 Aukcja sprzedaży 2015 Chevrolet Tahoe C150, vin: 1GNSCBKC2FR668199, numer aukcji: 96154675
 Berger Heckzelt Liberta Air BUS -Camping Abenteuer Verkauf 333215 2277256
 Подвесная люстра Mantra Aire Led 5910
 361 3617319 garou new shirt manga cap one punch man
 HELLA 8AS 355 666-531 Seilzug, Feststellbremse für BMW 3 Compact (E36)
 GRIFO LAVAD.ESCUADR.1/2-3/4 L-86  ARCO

┄┄┄┄┄┄┄┄┄┄

## Work request
Repeat the data. Leave nothing out and change nothing.

## Result of the exercise
 Aukcja sprzedaży 2015 Chevrolet Tahoe C150, vin: 1GNSCBKC2FR668199, numer aukcji: 96154675
 Berger Heckzelt Liberta Air BUS -Camping Abenteuer Verkauf 333215 2277256
 Подвесная люстра Mantra Aire Led 5910
 361 3617319 garou new shirt manga cap one punch man
 HELLA 8AS 355 666-531 Seilzug, Feststellbremse für BMW 3 Compact (E36)
 GRIFO LAVAD.ESCUADR.1/2-3/4 L-86  ARCO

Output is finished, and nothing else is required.